Checking the repo on github I see cassandraFormat
here. My import statement is not throwing an exception:
import org.apache.spark.sql.cassandra._
df.write
.cassandraFormat("keyspace", "table")
.save()
<console>:34: error: value cassandraFormat is not a member of org.apache.spark.sql.DataFrameWriter[org.apache.spark.sql.Row]
cassandraFormat
is not available under df.write
but it is under spark.read
.
I am using Spark 2.1.1. And my spark-shell is invoked by:
spark-shell --master spark://10.0.0.115:7077 --packages com.databricks:spark-csv_2.11:1.5.0,datastax:spark-cassandra-connector:1.6.6-s_2.11
Edit:
I did realise that cassandraFormat
was basically an alias for .format().options()

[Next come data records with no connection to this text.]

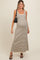 Cream Striped Sleeveless Maternity Maxi Dress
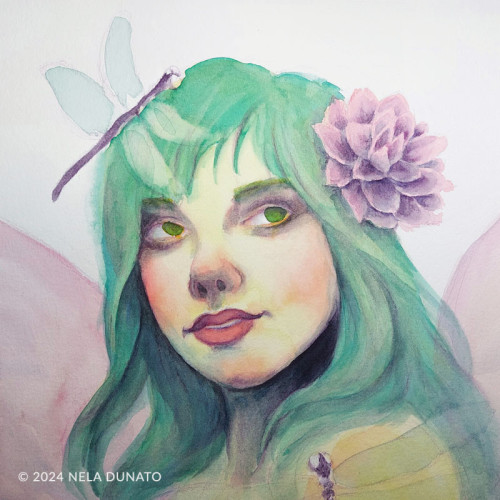 Unfinished watercolor portrait painting of a fairy with green hair, greenish-pink skin and a dragonfly and lotus flower on her head.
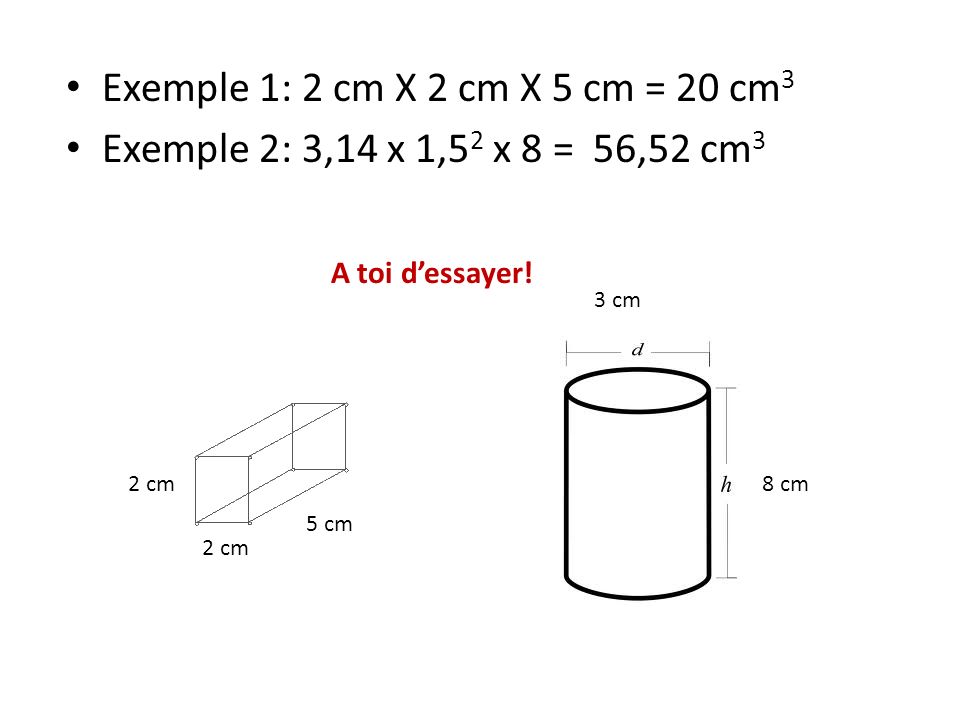 Exemple 1: 2 cm X 2 cm X 5 cm = 20 cm3 Exemple 2: 3,14 x 1,52 x 8 = 56,52 cm3. A toi d’essayer! 3 cm.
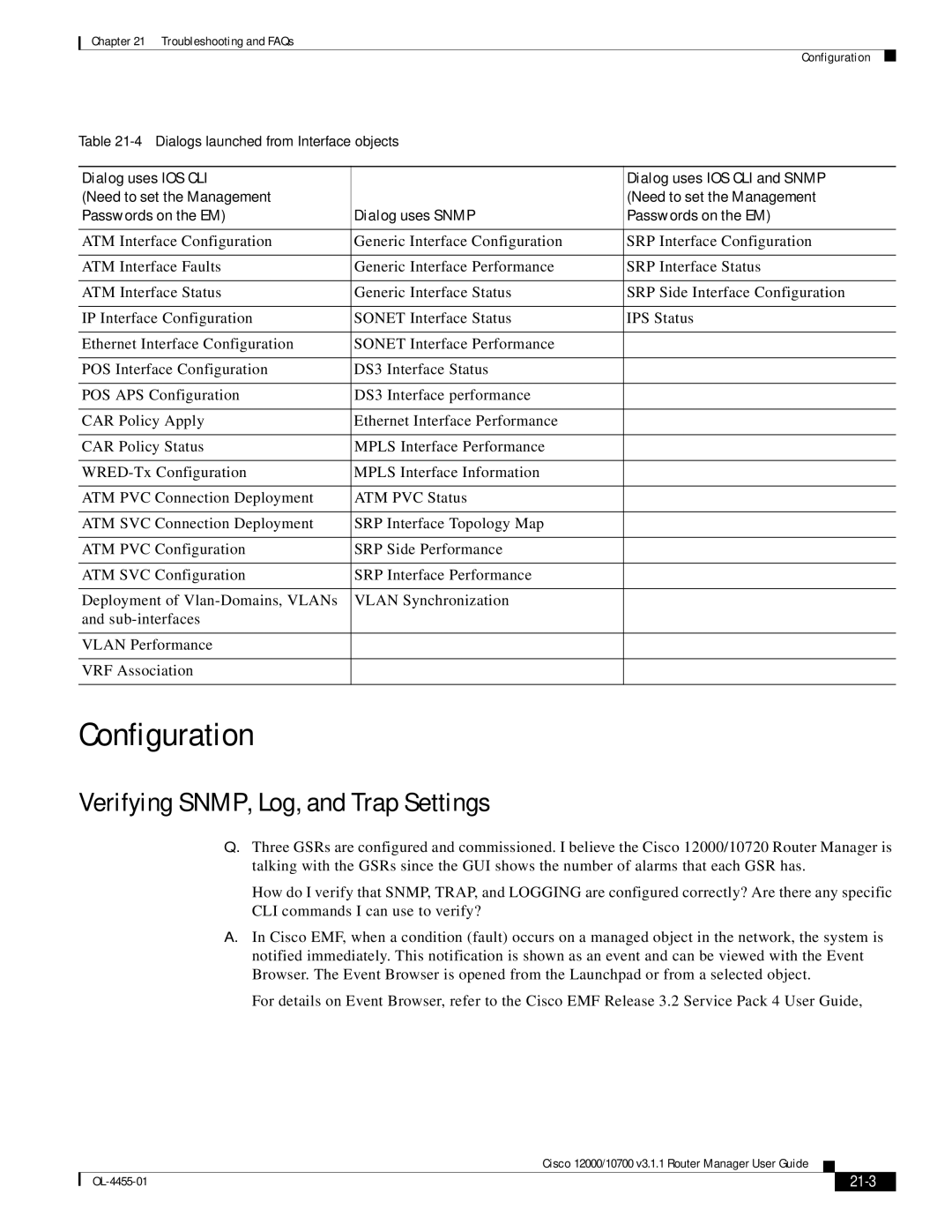 Cisco Systems 12000/10700 V3.1.1 manual Configuration, Verifying SNMP, Log, and Trap Settings, 21-3 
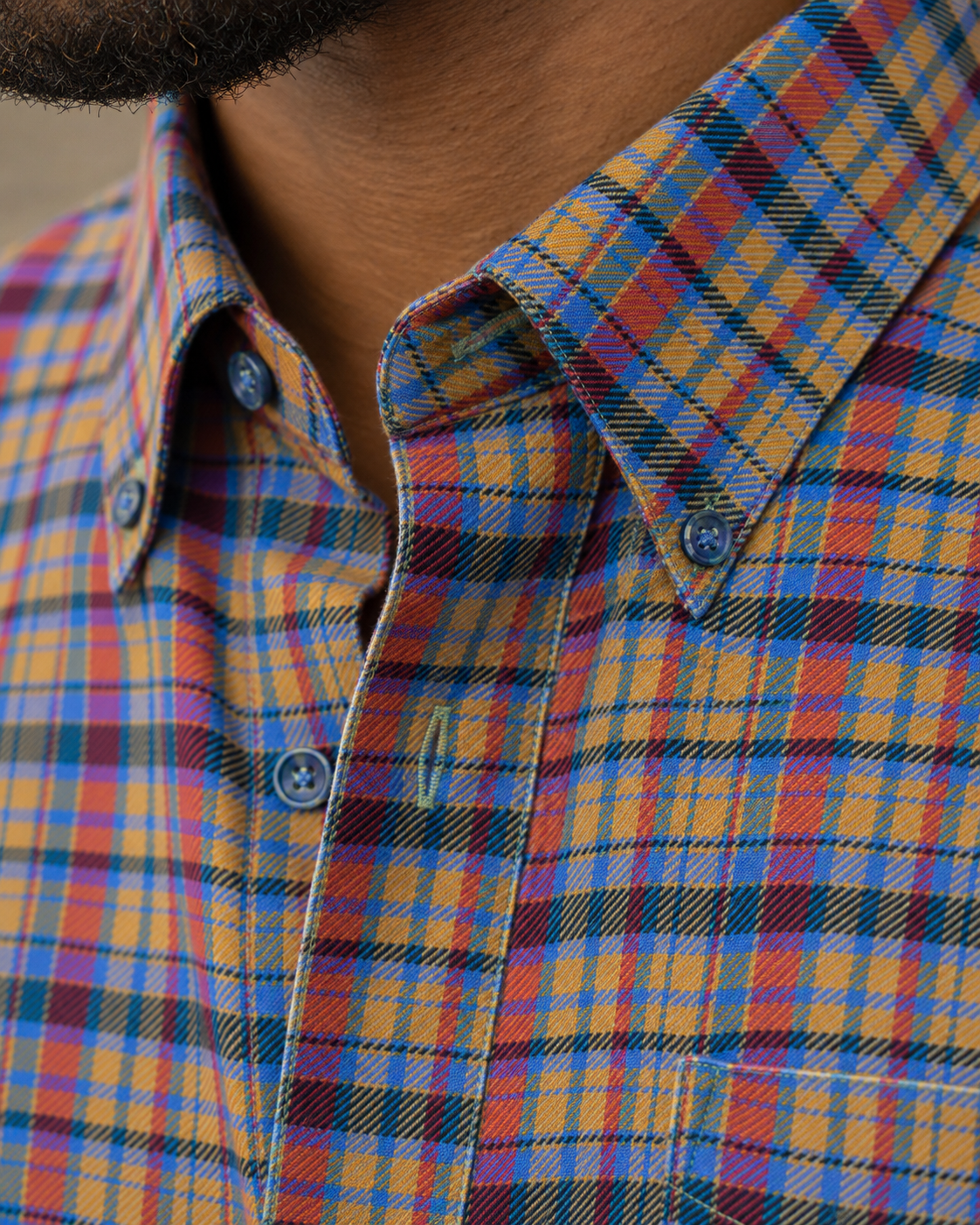 FX Fusion Deep Lake/Crimson Multi Plaid Stretch Shirt
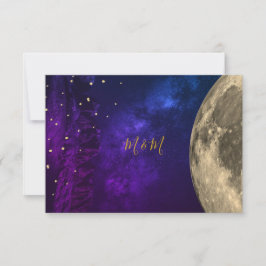 Nacht Hemel Maan Paarse Gouden Monogram RSVP Kaartje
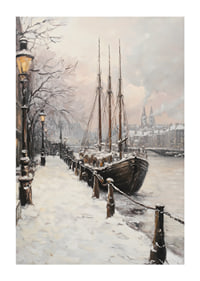Painted winter harbor with sailboat and snow-covered trees-1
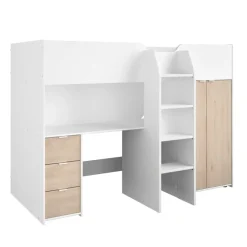 Leen Bakker Halfhoogslaper Tristan - wit/eiken - 90x200 cm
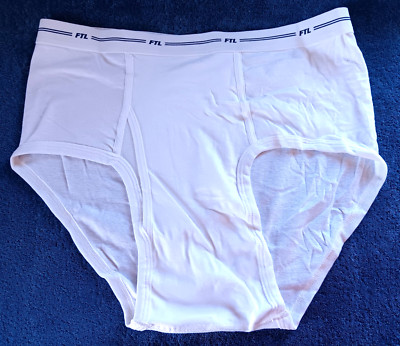 Fruit Of The Loom Men's Brief 1 XL 42-44 Xtra Lrg FTL LOGO Waist Cotton VTG Whte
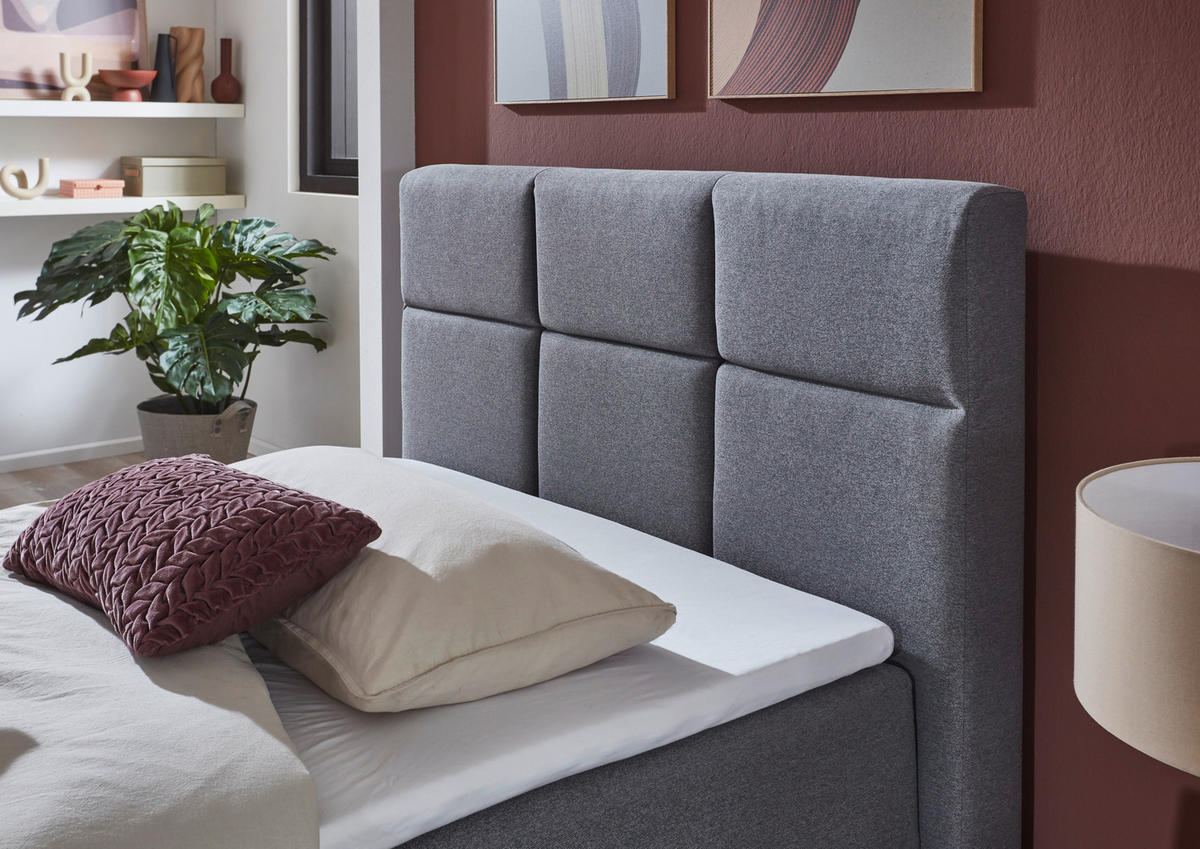 BOXSPRINGOVÁ POSTEĽ, 140/200 cm sivá - sivá/farba duba, Basics, drevo/textil (140/200cm) - home24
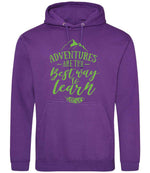 ADVENTURES ARE THE Best Way to Learn – Unisex Hoodie in Purple with Apple Green vinyl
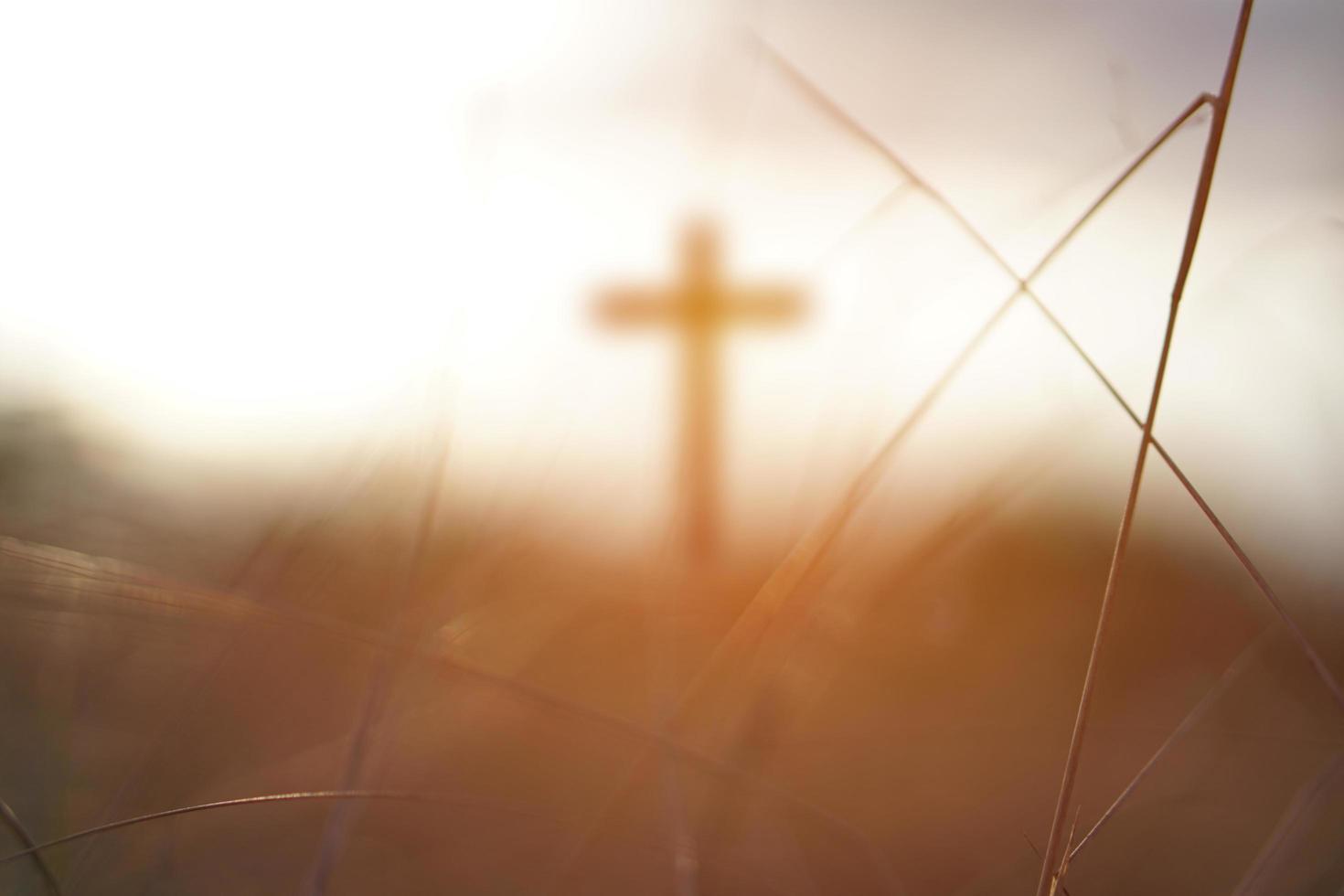 blurry crosses at sunset photo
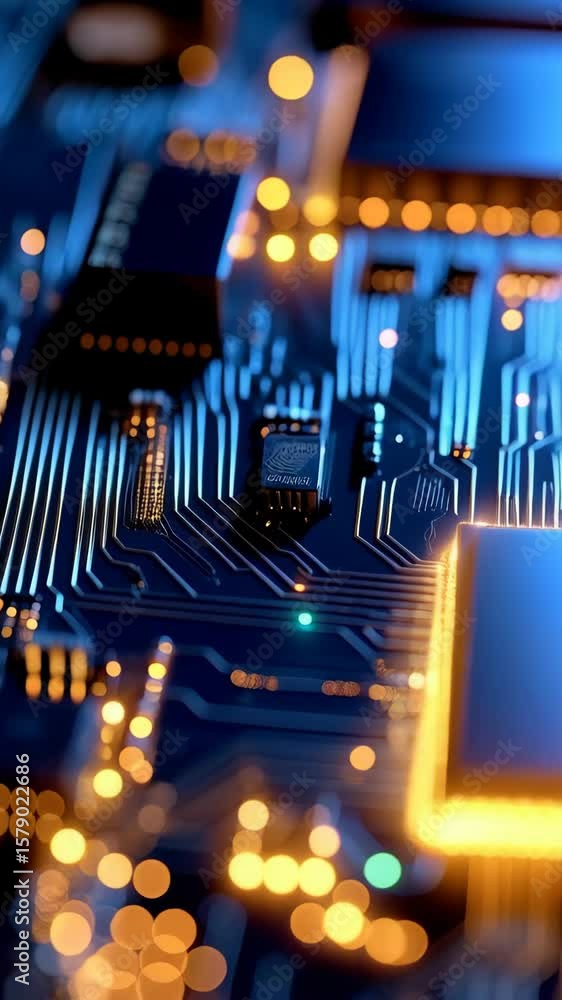 Poster depiction of a detailed and complex computer motherboard with intricate microchip components, glowin
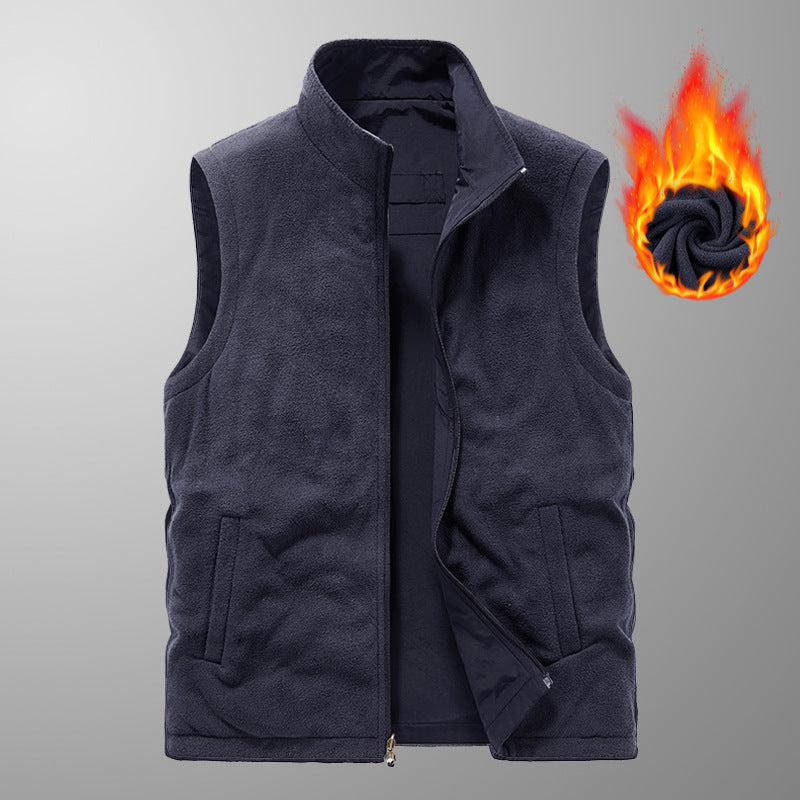 Men's padded thermal vest with fleece lining, windproof exterior and multiple zippered pockets Mune Fashion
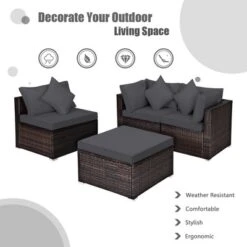 Tangkula 4PCS Rattan Patio Conversation Furniture Set Yard Outdoor W/ Grey Cushion -Tangkula Shop GUEST 8f25d74c a494 4def 9f63 aff9f57e8282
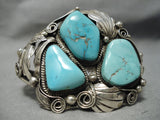 Huge Vintage Native American Navajo Natural Blue Turquoise Sterling Silver Applique Bracelet Old-Nativo Arts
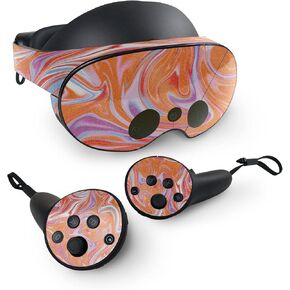 MightySkins Glossy Glitter Skin Compatible with Meta Quest Pro - Orange Swirl | Protective, Durable High-Gloss Glitter Finish | Easy to Apply, Remove, and Change Styles | Made in The USA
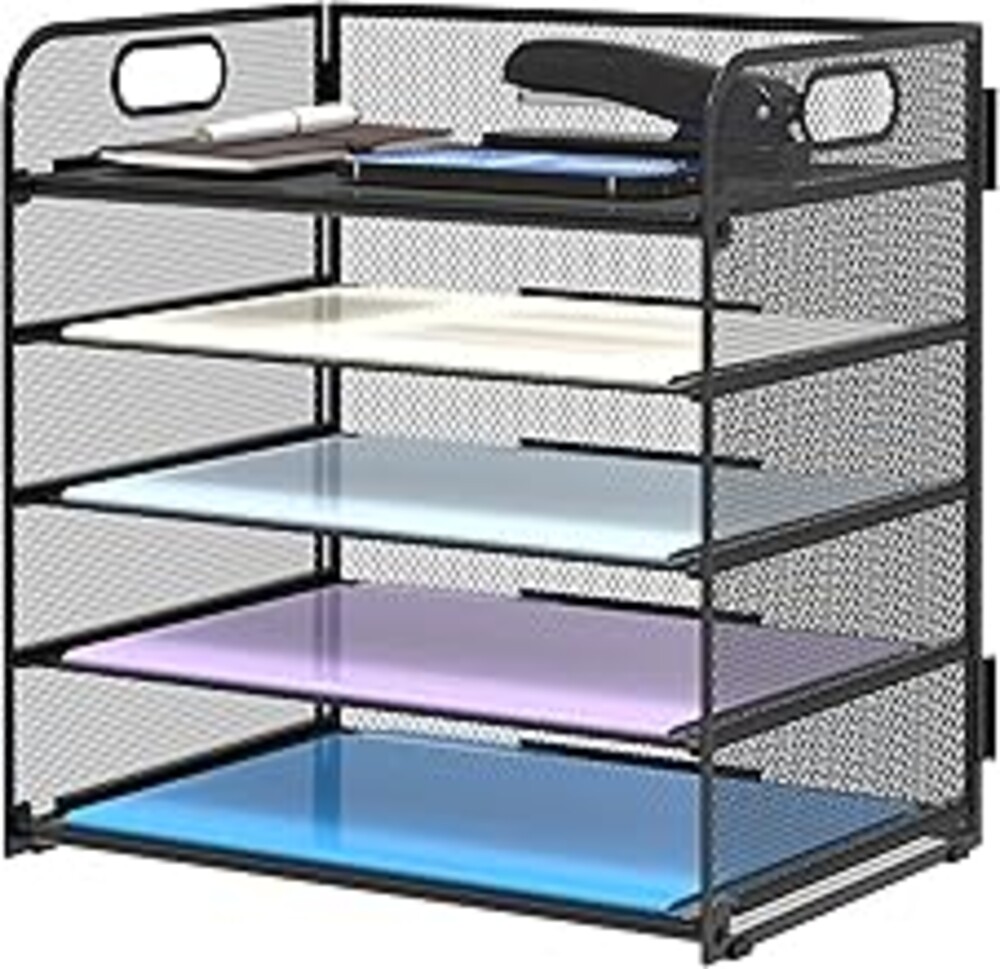 Supeasy 5 Trays Paper Organizer Letter Tray with Handle-Mesh Desk File Holders, Paper Sorter Desk Organizer for Office, Home, Classroom or School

. However a different error was returned:
df.write
.format("org.apache.spark.sql.cassandra")
.options(Map("table" -> "standard_feed", "keyspace" -> "testing"))
.save()
java.lang.AbstractMethodError: org.apache.spark.sql.cassandra.DefaultSource.createRelation
(Lorg/apache/spark/sql/SQLContext;Lorg/apache/spark/sql/SaveMode;Lscala/collection/
immutable/Map;Lorg/apache/spark/sql/Dataset;)Lorg/apache/spark/sql/sources/
BaseRelation;
at org.apache.spark.sql.execution.datasources.DataSource.write(DataSource.scala:518)
at org.apache.spark.sql.DataFrameWriter.save(DataFrameWriter.scala:215)
I'm not so sure about cassandraFormat
but saving a dataframe to a cassandra table can easiest be done in the following way:
df.write
.format("org.apache.spark.sql.cassandra")
.options(Map("table" -> "table_name", "keyspace" -> "keyspace_name"))
.save()
About the error message you received:
I think the error message you get is due to a version mismatch. You use spark 2.1.1 and cassandra-connector version 1.6.6. For spark 2.1.x you need to use version 2.0 of the cassandra-connector, see table here for a full list of the version compatibilities.